> [Given material]
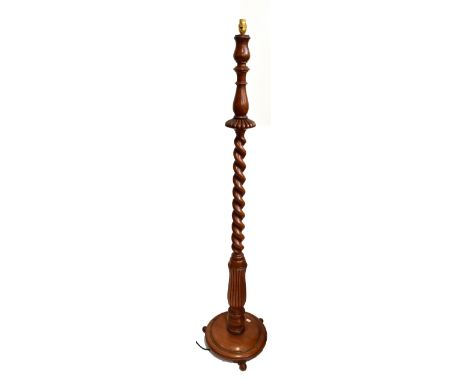A South African yellow wood rope twist standard lamp with circular base, height 157cm.Additional InformationSome general wear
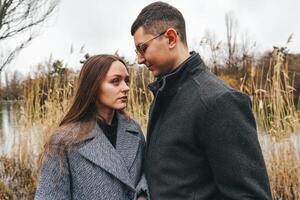 Couple sharing an intimate moment by the lake surrounded by tall grass on a cloudy day photo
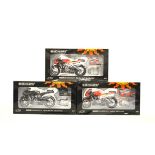 Three Minichamps 1:12 Valentino Rossi Collection Ducati corse motorcycle models, Desmosedici SP11
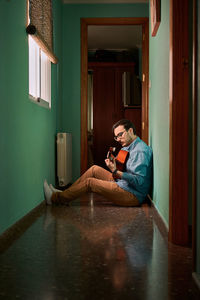 Young man plays guitar sitting in the hallway of his house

> [Exercise brief]
The task requires that every line above be transcribed exactly, without the images.

> [Output below]
A South African yellow wood rope twist standard lamp with circular base, height 157cm.Additional InformationSome general wear
 Couple sharing an intimate moment by the lake surrounded by tall grass on a cloudy day photo
 Three Minichamps 1:12 Valentino Rossi Collection Ducati corse motorcycle models, Desmosedici SP11
 Young man plays guitar sitting in the hallway of his house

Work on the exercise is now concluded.